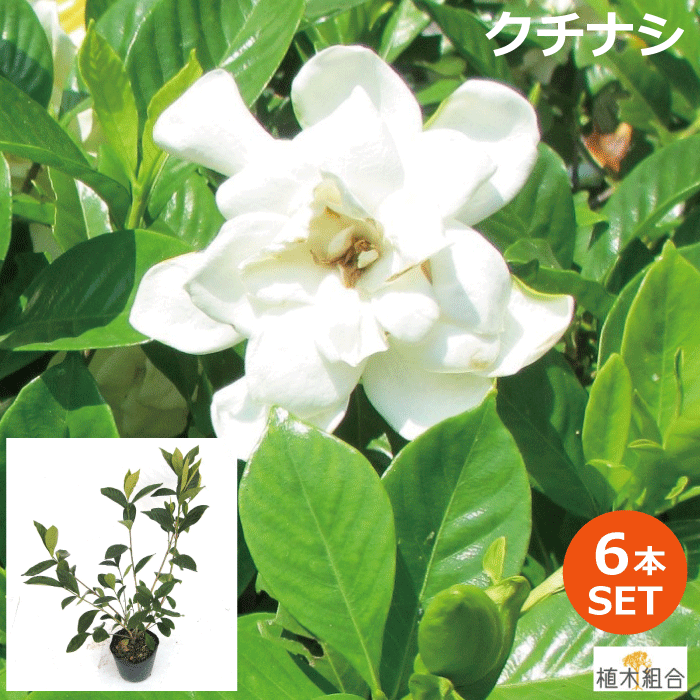 【6本セット】クチナシ　八重咲き　高さ約40〜50cm（梔子、ガーデニア）　香りの花木　ホワイトガーデン　ナチュラル　おしゃれな庭に　人気の　植木　庭木　ガーデニング 植木組合より産地直送　植木生産組合直営　常緑低木のサムネイル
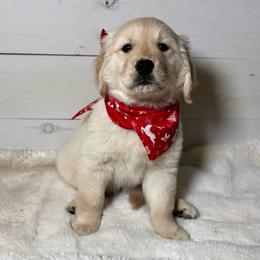 Meadow - Light golden female Golden Retriever puppy in Phillips, Wisconsin from Alfalfa Lane Adventures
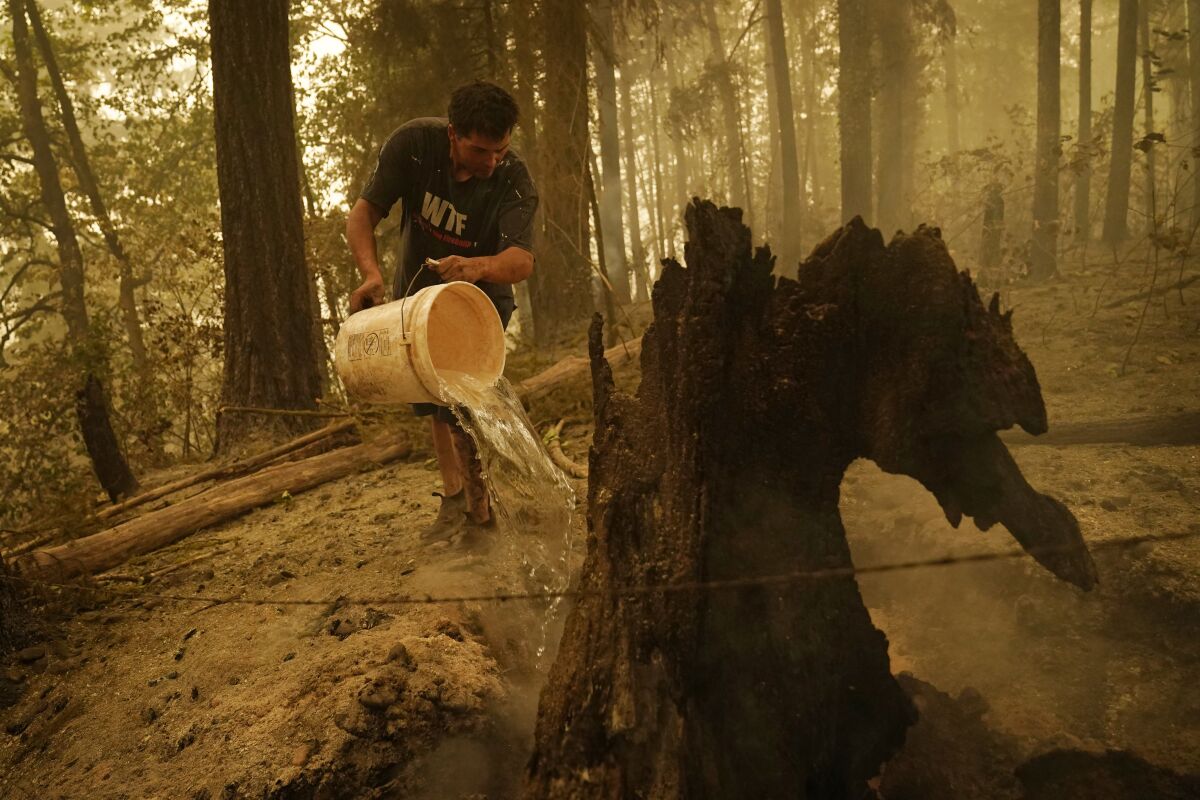 Erik Tucker pours water on a smoldering stump in an area burned by the Beachie Creek Fire, Saturday, Sept. 12, 2020.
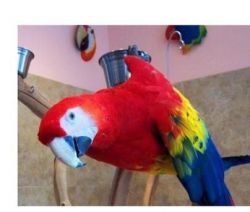 Scarlet Macaw Parrots well handled for sale
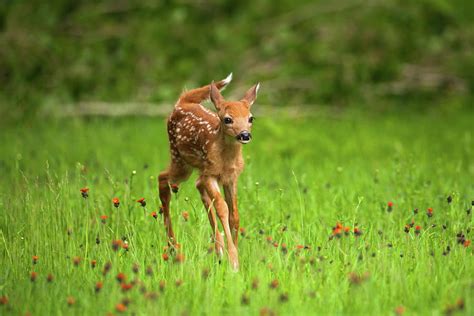 Whitetail Deer Fawn In Field Of Indian Photograph By Jimkruger Fine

★ ★ ★

WORK TO COMPLETE: What you write should match, word for word, the lines from the one containing "Erik Tucker pours" to the end of the listing, with both ends kept and the pictures left out.

RESPONSE TO THE TASK:
 Erik Tucker pours water on a smoldering stump in an area burned by the Beachie Creek Fire, Saturday, Sept. 12, 2020.
 Scarlet Macaw Parrots well handled for sale
 Whitetail Deer Fawn In Field Of Indian Photograph By Jimkruger Fine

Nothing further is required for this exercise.